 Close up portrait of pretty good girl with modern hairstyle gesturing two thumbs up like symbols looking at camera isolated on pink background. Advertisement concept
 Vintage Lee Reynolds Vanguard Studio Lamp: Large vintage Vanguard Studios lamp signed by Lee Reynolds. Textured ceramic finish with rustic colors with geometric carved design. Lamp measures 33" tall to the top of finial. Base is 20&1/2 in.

==

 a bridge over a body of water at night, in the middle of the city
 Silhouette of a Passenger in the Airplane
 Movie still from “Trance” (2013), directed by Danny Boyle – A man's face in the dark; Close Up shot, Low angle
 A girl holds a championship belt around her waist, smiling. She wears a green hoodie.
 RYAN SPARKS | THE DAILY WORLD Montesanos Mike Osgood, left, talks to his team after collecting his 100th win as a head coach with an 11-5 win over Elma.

Assignment: Only the number is needed here: how many lines in the data contain "girl"?

Task output: 2